**Task goal**
Find the line containing "B SWISH - BFIT CLASSIC DORADO B SWISH" in the material below, then please transcribe it and each line after it exactly, without the pictures.

**Supplied information**
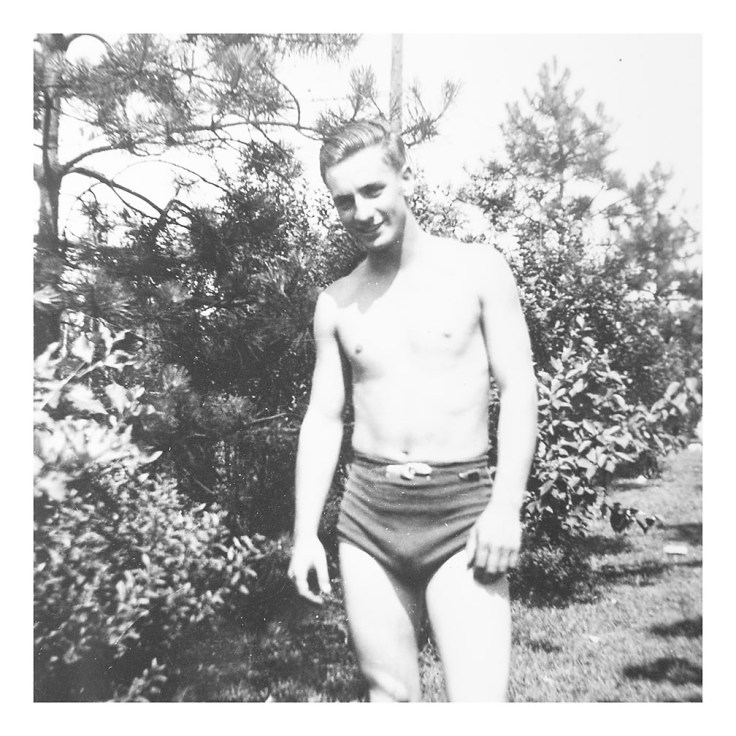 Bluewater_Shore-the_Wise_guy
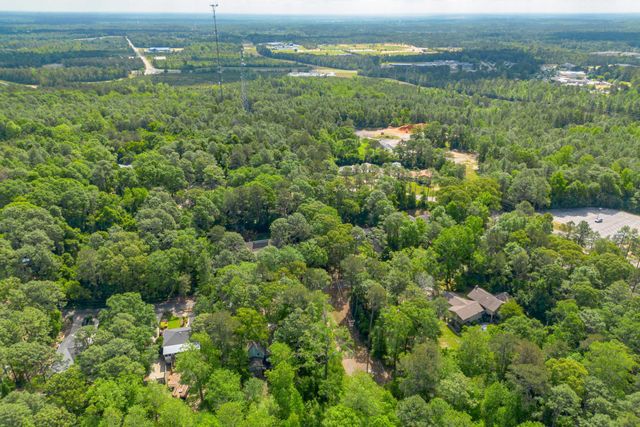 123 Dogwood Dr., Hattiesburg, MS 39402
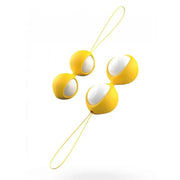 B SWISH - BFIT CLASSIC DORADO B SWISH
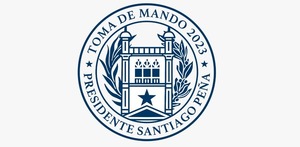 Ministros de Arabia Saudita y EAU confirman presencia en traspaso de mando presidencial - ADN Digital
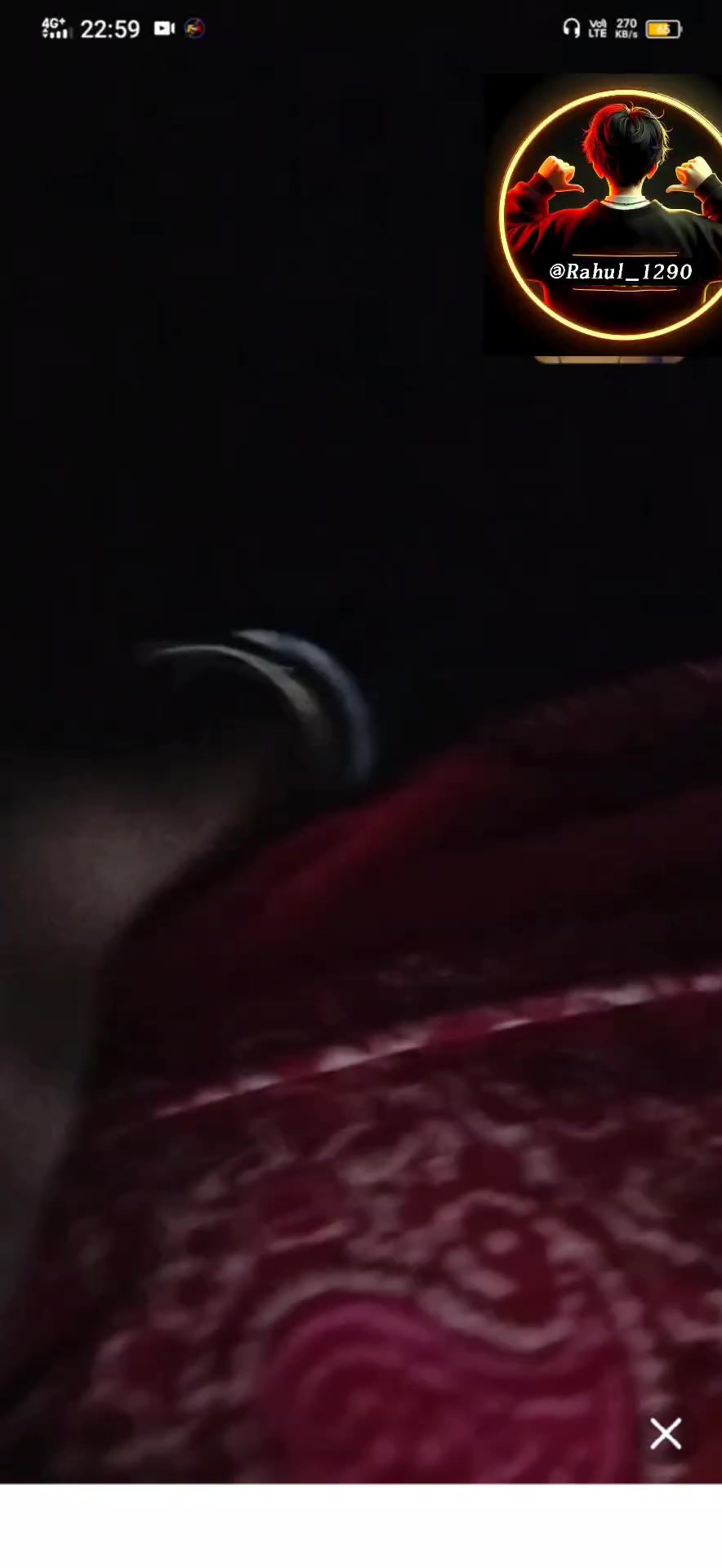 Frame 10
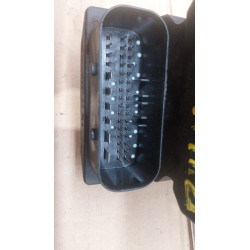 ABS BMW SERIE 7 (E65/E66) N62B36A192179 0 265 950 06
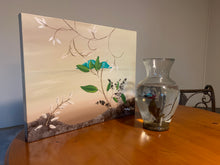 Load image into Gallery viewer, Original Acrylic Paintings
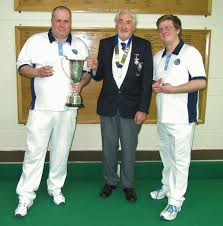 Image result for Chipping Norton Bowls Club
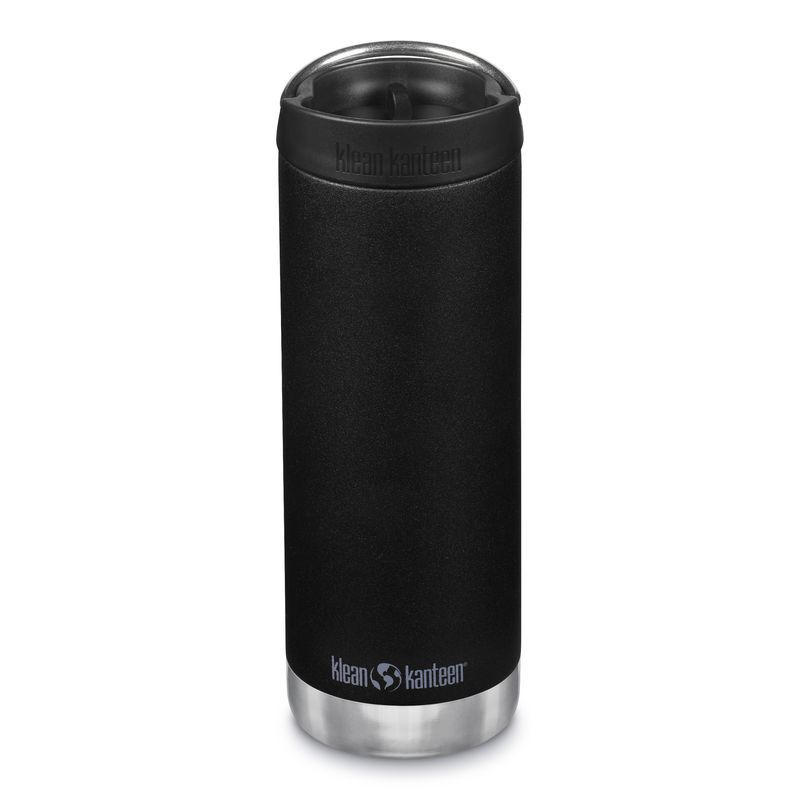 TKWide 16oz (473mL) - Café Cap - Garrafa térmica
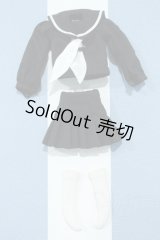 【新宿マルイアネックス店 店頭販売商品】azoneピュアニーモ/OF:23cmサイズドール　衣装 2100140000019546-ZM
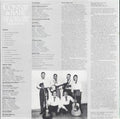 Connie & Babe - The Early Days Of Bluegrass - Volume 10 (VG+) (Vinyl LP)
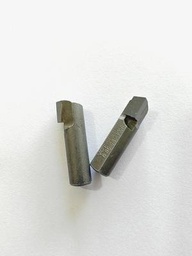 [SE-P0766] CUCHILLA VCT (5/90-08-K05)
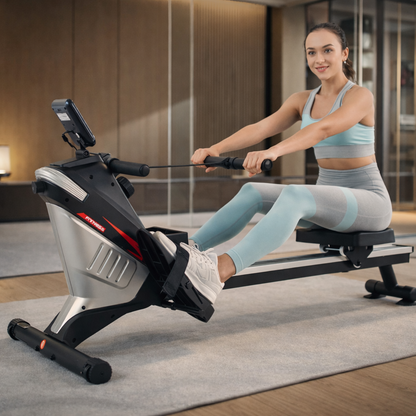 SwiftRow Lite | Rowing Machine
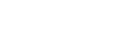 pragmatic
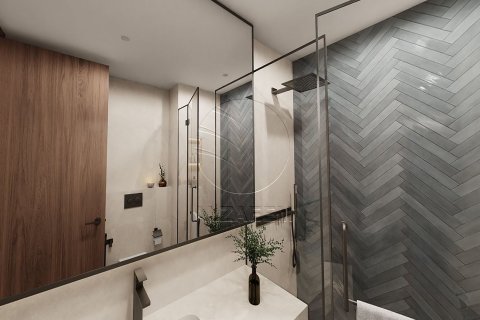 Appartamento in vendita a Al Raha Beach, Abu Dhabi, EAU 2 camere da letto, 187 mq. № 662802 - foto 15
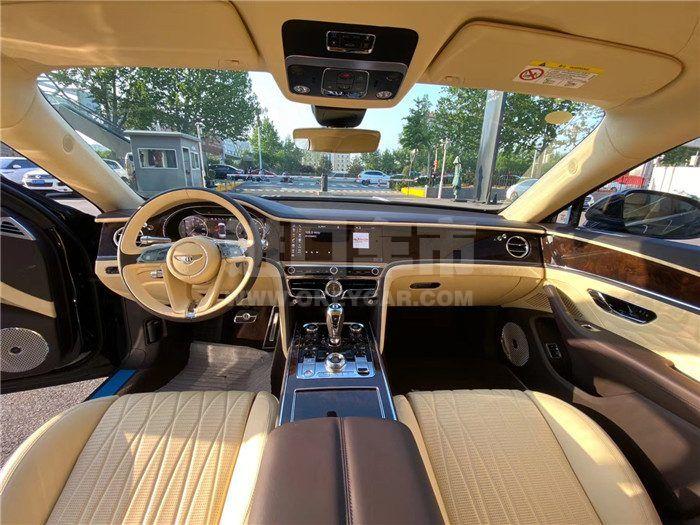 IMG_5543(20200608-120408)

**Finished exercise**
 B SWISH - BFIT CLASSIC DORADO B SWISH
 Ministros de Arabia Saudita y EAU confirman presencia en traspaso de mando presidencial - ADN Digital
 Frame 10
 ABS BMW SERIE 7 (E65/E66) N62B36A192179 0 265 950 06
 Load image into Gallery viewer, Original Acrylic Paintings
 Image result for Chipping Norton Bowls Club
 TKWide 16oz (473mL) - Café Cap - Garrafa térmica
 【新宿マルイアネックス店 店頭販売商品】azoneピュアニーモ/OF:23cmサイズドール　衣装 2100140000019546-ZM
 Connie & Babe - The Early Days Of Bluegrass - Volume 10 (VG+) (Vinyl LP)
 [SE-P0766] CUCHILLA VCT (5/90-08-K05)
 SwiftRow Lite | Rowing Machine
 pragmatic
 Appartamento in vendita a Al Raha Beach, Abu Dhabi, EAU 2 camere da letto, 187 mq. № 662802 - foto 15
 IMG_5543(20200608-120408)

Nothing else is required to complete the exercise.